Did the Tatas make a mistake in buying Air India?

Does the steady stream of criticism levelled at the airline, normally from angry passengers who have suffered at its hands, reflect badly on the reputation of the Tata group which has previously seen success in such consumer-facing companies as Titan, Tanishq, Croma and of course, the Taj group?

 

Would JRD Tata be proud of how Air India has fared since it was brought back into the Tata group?

 

   There are short answers to these questions. Yes, the Tatas seem to have bitten off more than they can chew. Yes, the failures of Air India damage the reputation of the whole group. And I am sure that JRD Tata would be apoplectic with rage if he saw how the group was running Air India now. Even Ratan Tata, who pushed the group into bidding for Air India, would not be delighted by how things have turned out.

 

   But there are also longer, less simplistic, answers to the same questions. The Tatas always knew that it would take time to turn Air India around. They just didn’t realise that the management they hired would keep screwing up so badly on the road to recovery, or that their own reputation would take such a beating.

 

   And perhaps the most important answer to all of those questions is that the Air India management, instead of recognising its failures, is misrepresenting the situation and taking the line that once Bombay House spends billions of dollars on new planes, everything will get better. Once the money is spent, we are told, Air India will magically improve.

 

   The most recent and longest interview I have read with Campbell Wilson, the CEO of Air India (given to NDTV’s Vishnu Som), dismissed the problems that Air India passengers complain about. “It’s a mass transportation business and unfortunately, you know, there are occasions when it is not perfect,” he said with massive understatement.

 

   Much of that interview, like everything else the Air India management has said recently, was about the new planes it was going to buy ($70 billion will be spent on 470 new aircraft over the next few years). Apart from the continual chatter about how passengers will have to wait for the new planes to arrive before they can actually enjoy travelling Air India, the airline’s apologists and PR people also suggest that the problem is that the management is stuck with the useless old staff who have a “public sector mindset”. So what can anyone do?

 

   There is something to these positions. Yes, Air India does need new planes. One of its biggest problems is the condition of its fleet, as anyone who has flown Air India to North America over the last few years will tell you. And yes, it is always more difficult to turn around an established company than it is to start a new one.

 

   But a lot of this stuff relies on lies and myth-making. It is true that the old Tata Airlines was nationalised and turned into Air India but this was not unusual in that era. Till the late 20th century, most national carriers – Air France, British Airways (BOAC, as it was then) Lufthansa and others – were all largely government owned.

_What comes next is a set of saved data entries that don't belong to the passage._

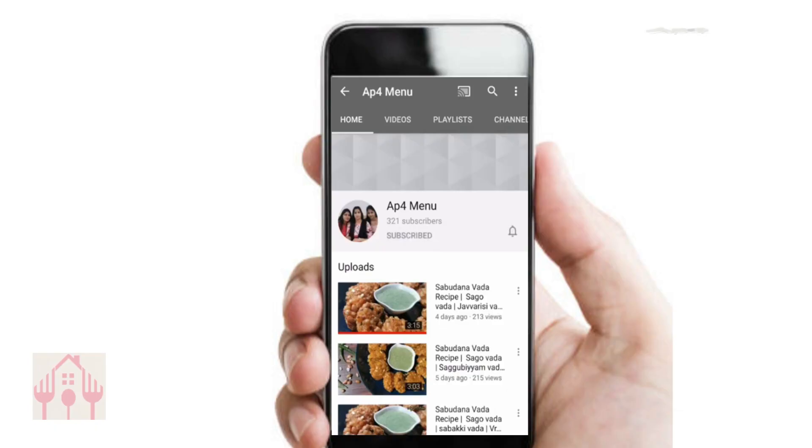If you like this video, please like and share it. Subscribe to our channel and click on the bell button to select all notification options.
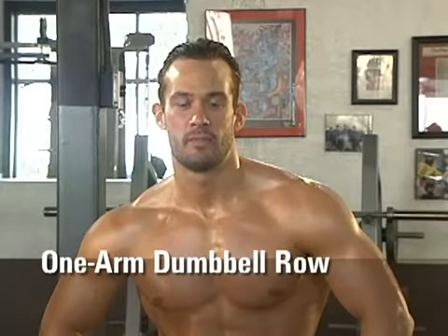Another great mass building exercise for the back is the one arm dumbbell row. It's a staple of almost all back exercises. It's pretty simple.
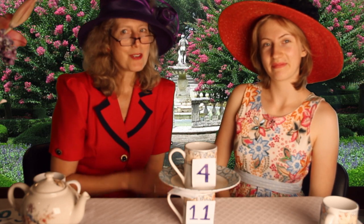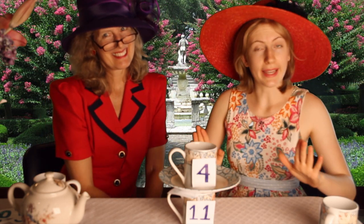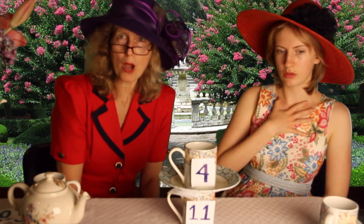Now, you never know when you're going to be calculating fractions with the queen, and you want to be certain to do it properly. Normally, a fraction has its top smaller than its bottom, meaning that the value is less than one. When the top number and the bottom number are the same, it equals one. But when the top number is bigger than the bottom one, it's larger than one and improper.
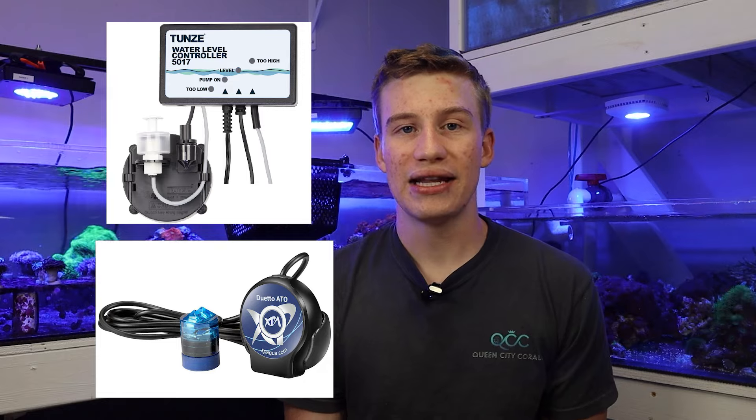For ATOs I recommend a few brands. The first is going to be the Neptune ATK, which uses optical sensors and a gravity float valve to ensure extra protection, and is probably the safest ATO on the market because you also add an additional solenoid that'll automatically cut off whenever your water level gets too high. There's also a lot of other brands like the Tunze Osmolator, the XP Duetta, and a lot of other ones that work very well, but they'll all be a little different in cost and the way they fill up your aquarium. I hope you guys enjoyed this video — if you did, make sure to leave a like, leave a comment with any questions, subscribe to stay up to date, and I will see you guys in the next video.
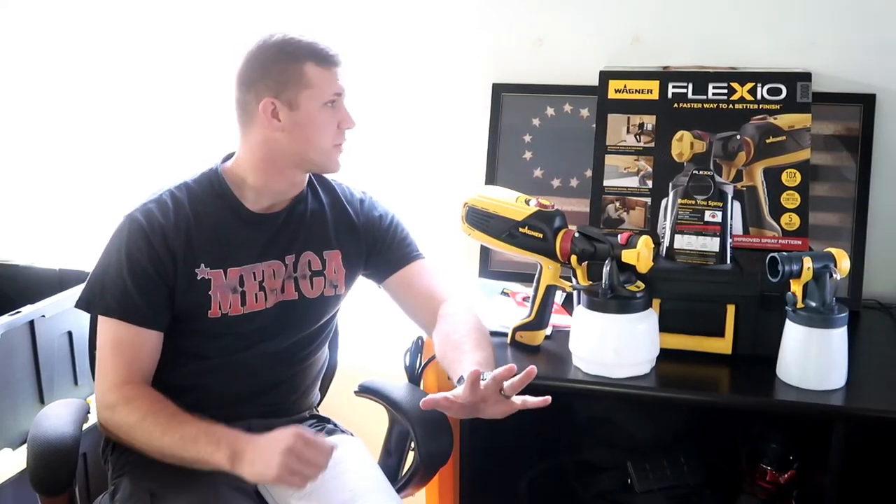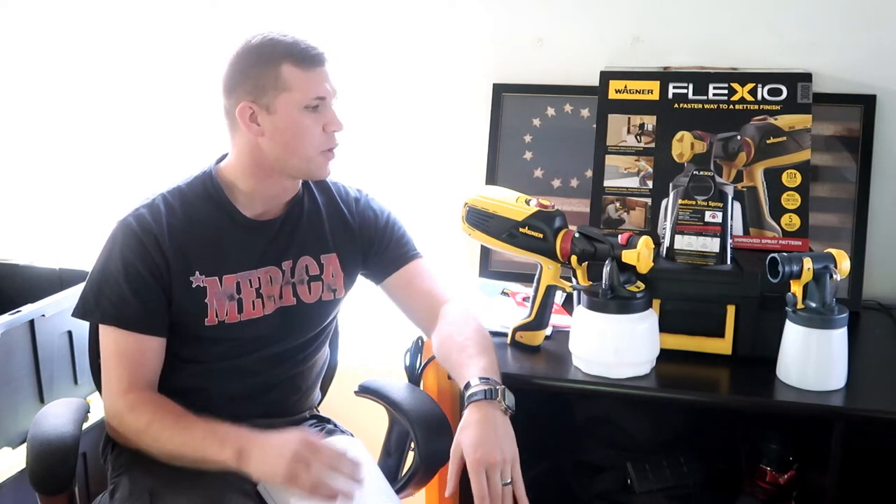Hey guys, so we just picked up this Flexio 3000 from Home Depot today. It was $184 there. You can do a little bit cheaper on Amazon, which I'll go over here in a little bit. But we picked this up to start painting our house before we try and put it on the market, and we need to get this done quick. So instead of using the roller, we picked up this system.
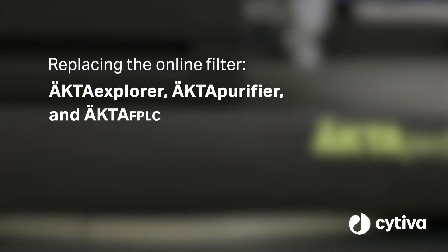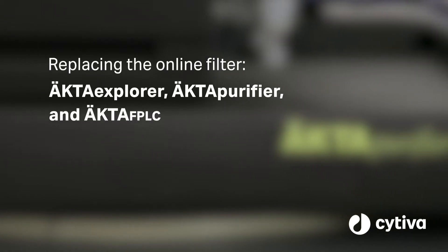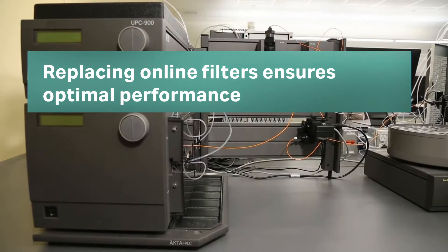A dirty online filter can cause high system pressure and may limit your ability to run your columns at the desired flow rate. Replace your online filter regularly or as needed to ensure optimal performance of your ECTA system.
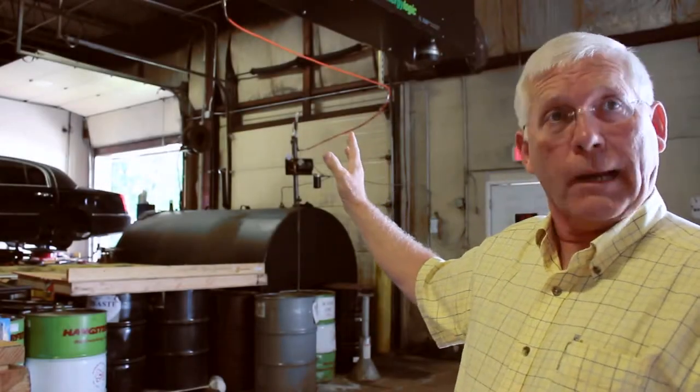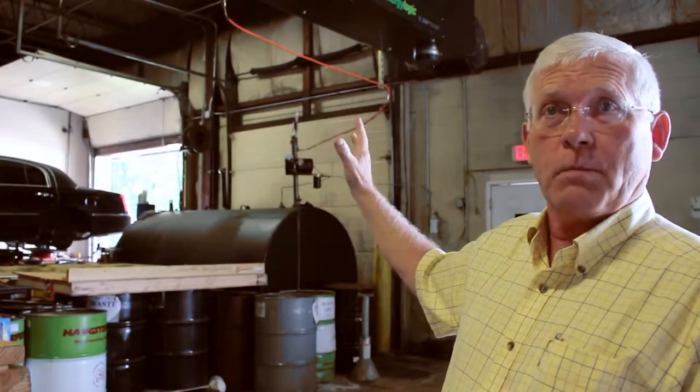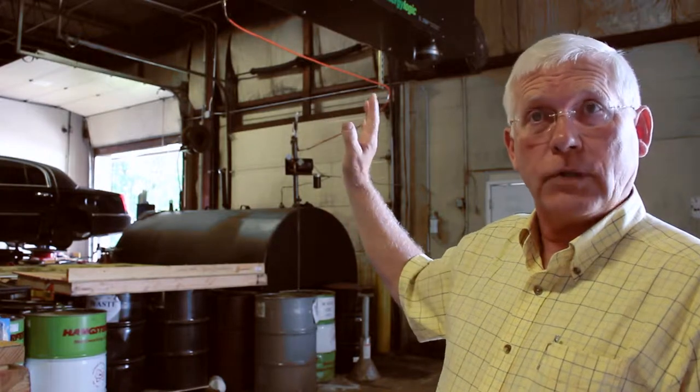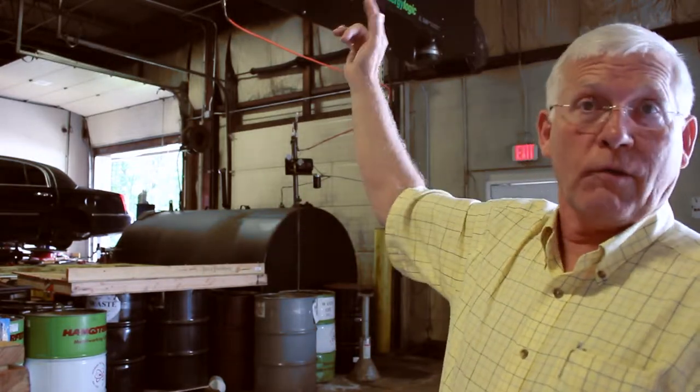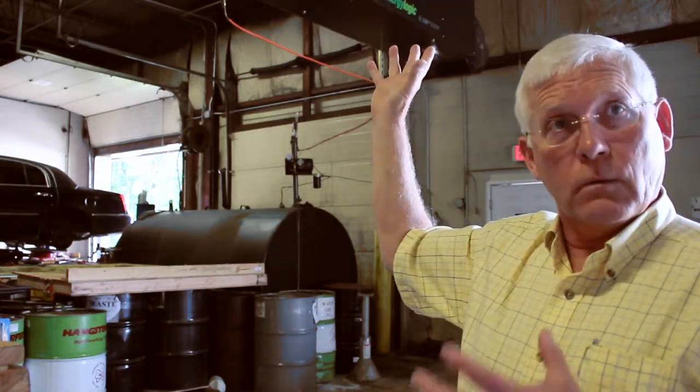That required what we call a top suction kit, where the pump is mounted above the tank. That top suction kit is lowered into the tank and then supplies the oil, pumping it from the tank through its supply line to the furnace — which is what we call a ceiling mount, because it's literally hung from the ceiling, suspended on threaded rods that thread right into the top of the cabinet of the furnace itself.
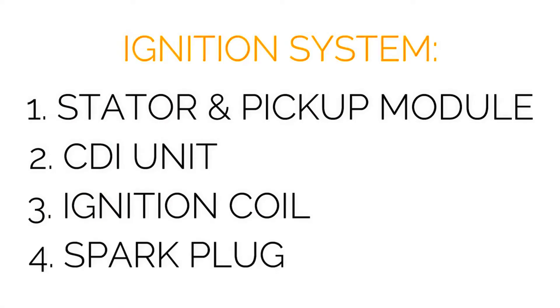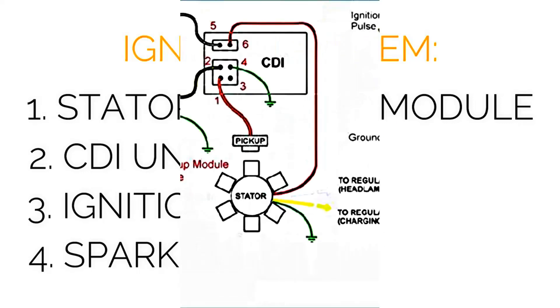Let's begin by discussing the ignition system, which is quite straightforward to troubleshoot in case of malfunction. The GY6 ignition system consists of four key components that work together to produce a spark: the stator, trigger pickup module, CDI, ignition coil, and the spark plug.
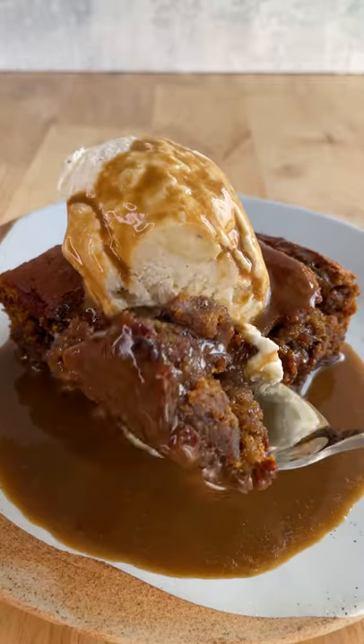Yeah, I mean this looks pretty good right? This pudding is light, it's moist, it's decadent — it's actually kind of outrageous just how tasty it is.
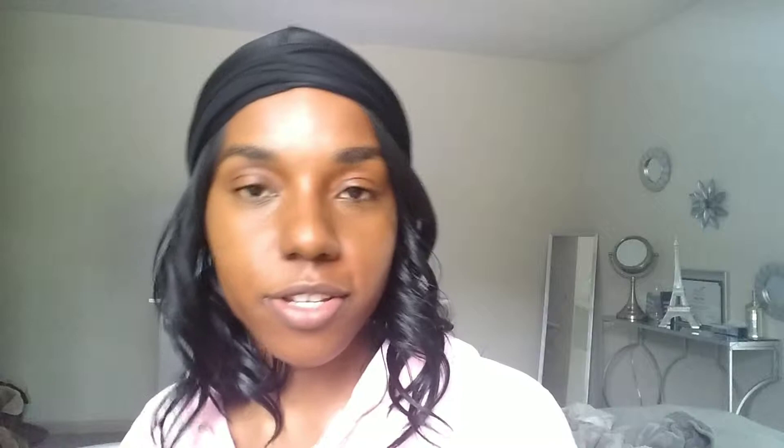First I'm just going to start by covering the major imperfections. Instead of doing foundation all over my face, I just go conceal the spots that need it.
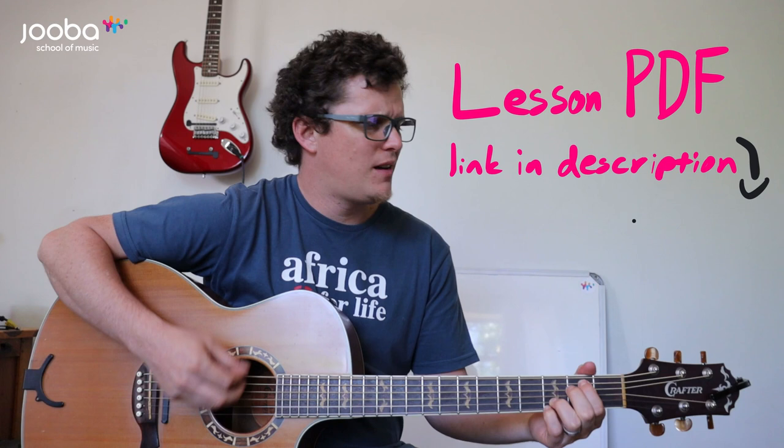One, two, three, four. I'm so happy I found a place. Better for years in this rock we're living in. No matter what the distance is, I'm good with you. No matter what the distance is, you'll be okay. Second chorus: No matter what the distance is, I'm good with you. No matter what the distance is, you'll be okay. Guitar solo.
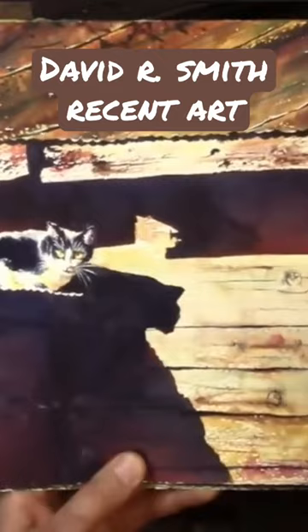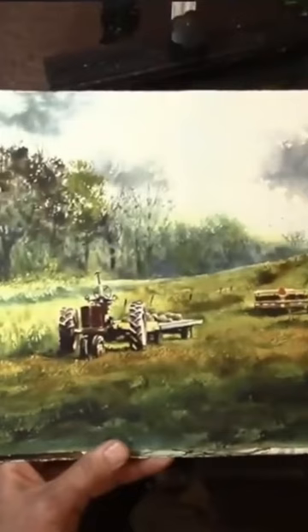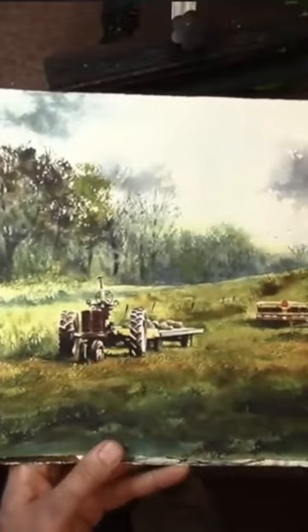Here are some of the paintings we did — all fall themed. We did this cat on a tin roof, some pumpkins where we applied masking fluid and talked about toning the paper, kind of like a pouring technique. We also did a common Minnesota scene with fields and farm equipment.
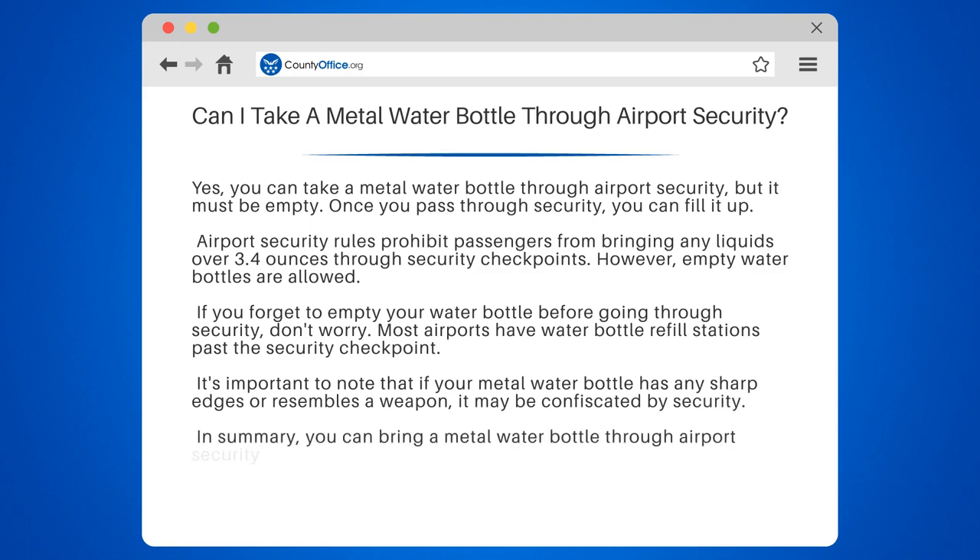In summary, you can bring a metal water bottle through airport security as long as it is empty. Don't forget to fill it up once you pass through security.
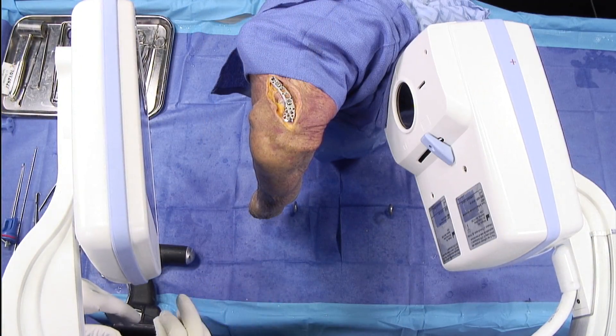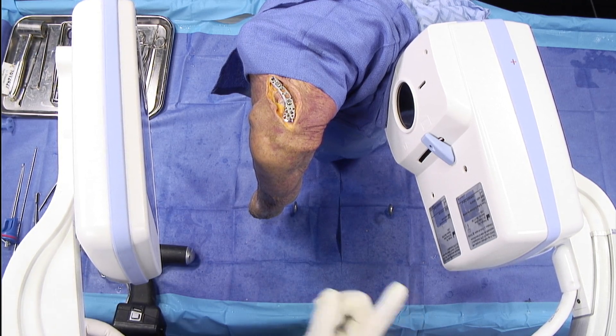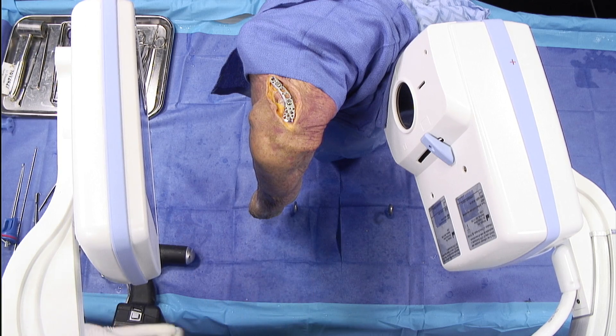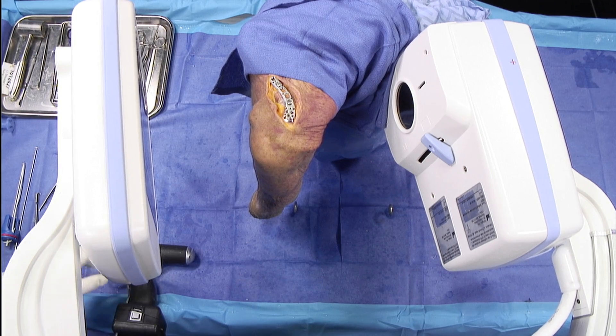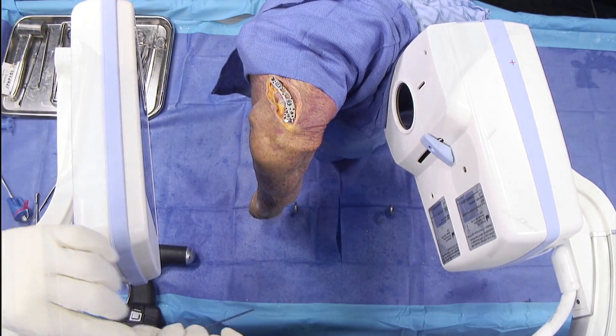We've got a cadaver shoulder, and we've gone ahead and placed a distal clavicle plate with just a couple of provisional screws. Typically I'll do this case in the beach chair position, bring the large fluoro machine in, and step inside the fluoro circle — standing inside the arm and fluoroing from front to back. It only takes a few quick spot views, so radiation exposure is minimal given the fairly simple nature of fixing these fractures.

So there was nothing odd about our national carrier being part of the public sector.

 

   Certainly, JRD Tata was content to accept it. He stayed on as chairman and ran it to his high standards. What we consider the glory days of Air India all came when it was government-owned, when the Tatas had no share in it.

 

   It is fair to say though, that after 1977, when Morarji Desai summarily removed JRD Tata from his post, government interference in the running of Air India increased. But it is wrong to suggest that the airline was always an unprofitable white elephant. Rajan Jaitly successfully turned Air India around in the 1980s. And by the early 1990s, when Yogi Deveshwar was its CEO,   Air India’s proud boast was that it was making a profit of Rs 1 crore a day. (Which was a lot of money in those days, and Air India is nowhere near making those kinds of profits these days.)

 

   So all the “public sector mentality” stuff is a bit of a red herring. A good and forceful management could always run Air India well. The problem was never the employees. It was that ministers and joint secretaries felt that they had the right to instruct the MD on how to run the airline. Competent managers risked being ignored, bypassed or humiliated.

 

   The greatest benefit of privatisation is that Wilson and his colleagues don’t have to mollify politicians or be pushed around by bureaucrats. That alone should have liberated the new Air India management – it was, in fact, the main argument for privatisation – but so far there are relatively few areas where you can say that passengers have a much better deal today than they did in the nationalised days.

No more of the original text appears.